From the line that includes "European flags blowing in the wind" to the last line of the records that follow, copy every line exactly and nothing more, omitting pictures.

Captioned web image data
────────────────────

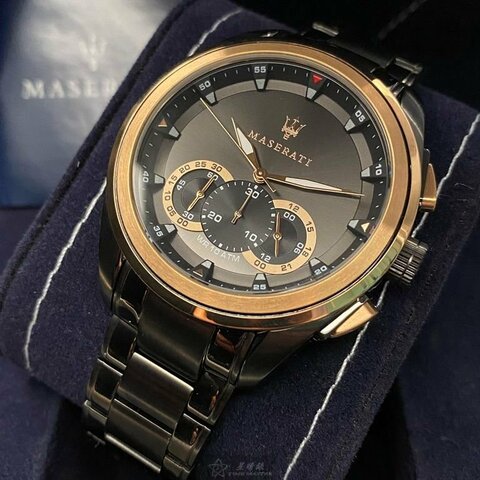 MASERATI手錶,編號R8873612016,46mm黑圓形精鋼錶殼,黑玫瑰金色三眼, 運動錶面,深黑色精鋼錶帶款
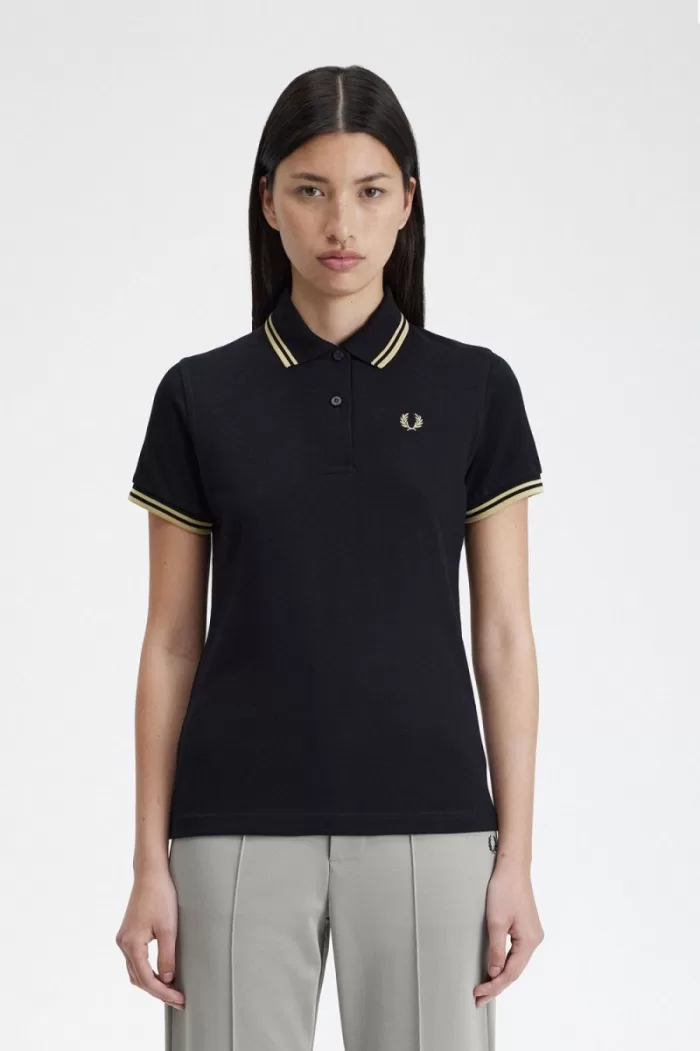 Fred Perry G12 Women’s Shirt Black Champagne UIZGX2768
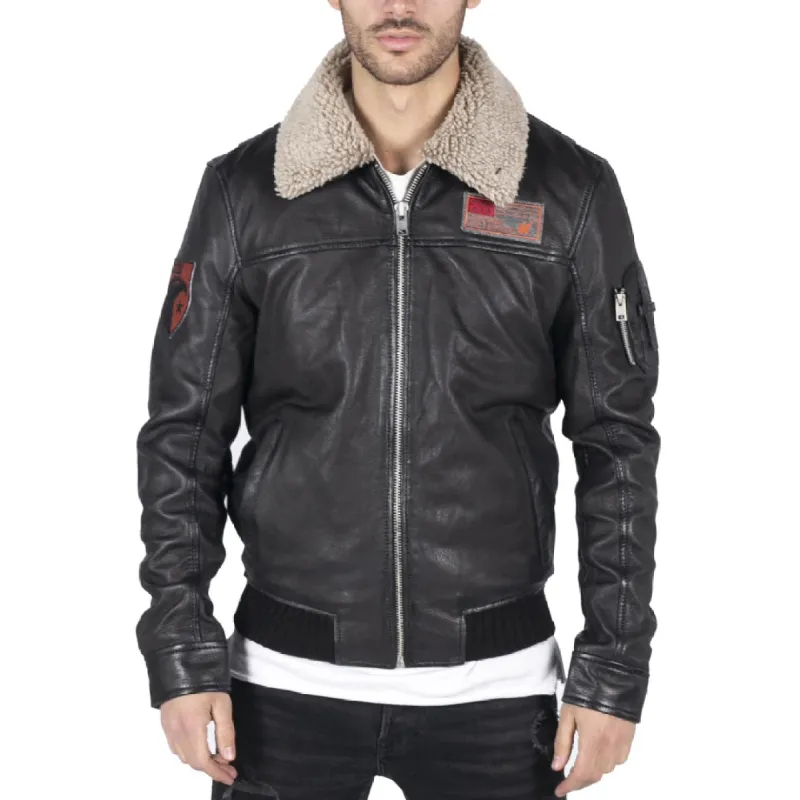 Men's Leather Pilot Bomber Jacket Air Force Badge & Fur Collar sold by Tru Clothing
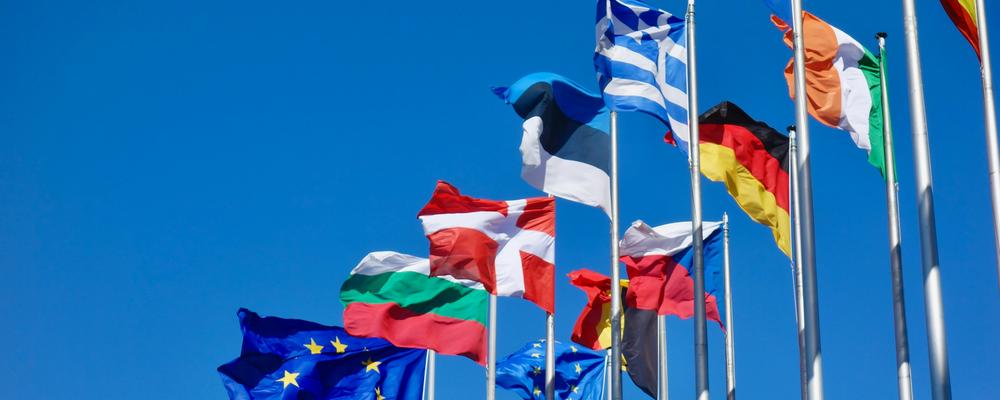 European flags blowing in the wind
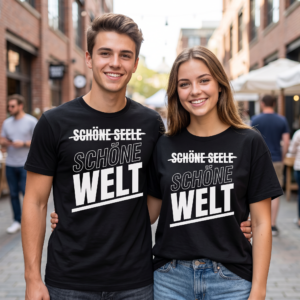 Cooles Spruch T-Shirt mit markantem "Schöne Welt" Print – Bild 1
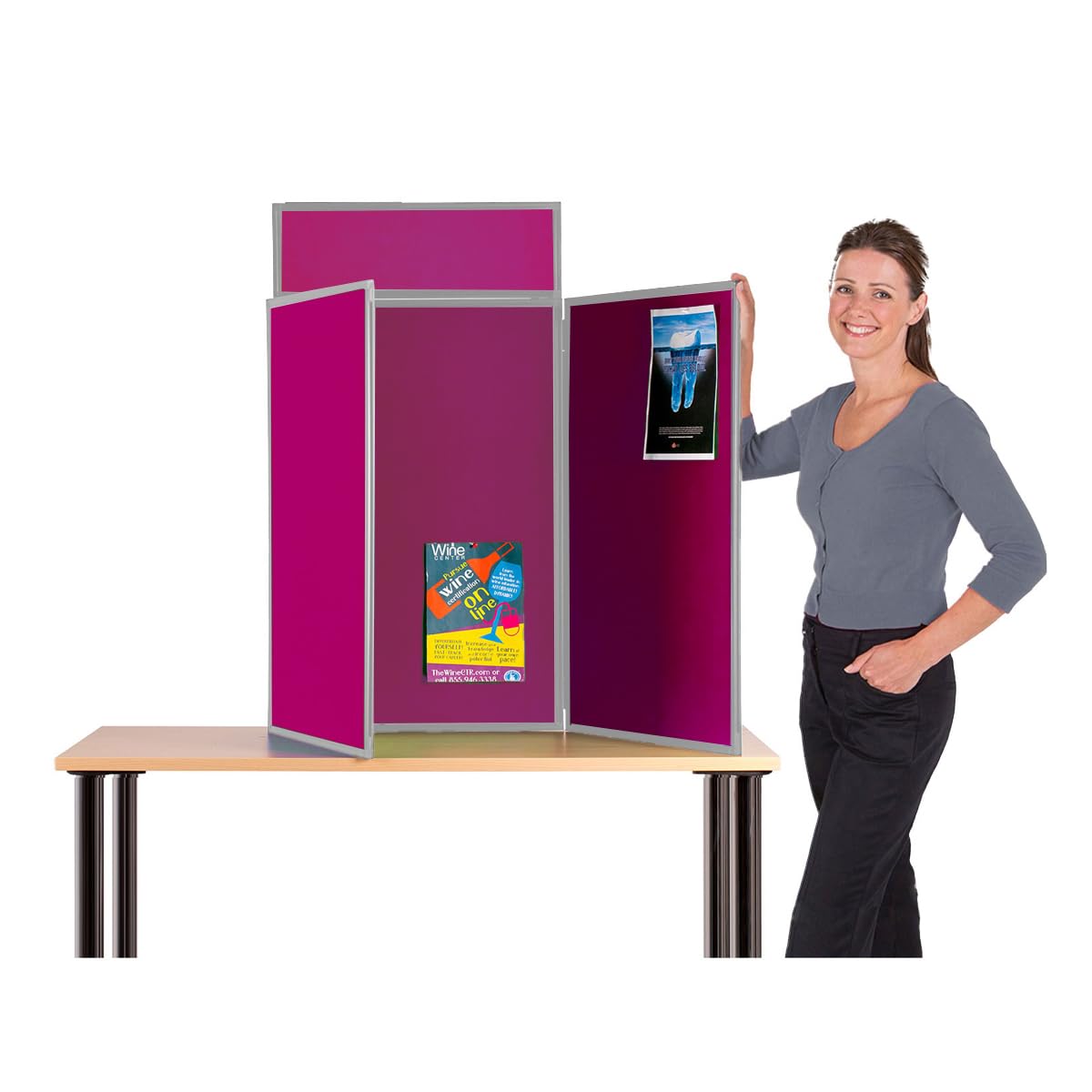 Wonderwall Desktop Exhibition 3 Panel Folding Display Panel Kit, Raspberry Pinboard with Grey PVC Frame,Carry Bag, 100 Adhesive Tabs & Header -11 Colours - for Schools, Exhibitions, Venues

────────────────────

→ RESPONSE TO THIS TASK:
 European flags blowing in the wind
 Cooles Spruch T-Shirt mit markantem "Schöne Welt" Print – Bild 1
 Wonderwall Desktop Exhibition 3 Panel Folding Display Panel Kit, Raspberry Pinboard with Grey PVC Frame,Carry Bag, 100 Adhesive Tabs & Header -11 Colours - for Schools, Exhibitions, Venues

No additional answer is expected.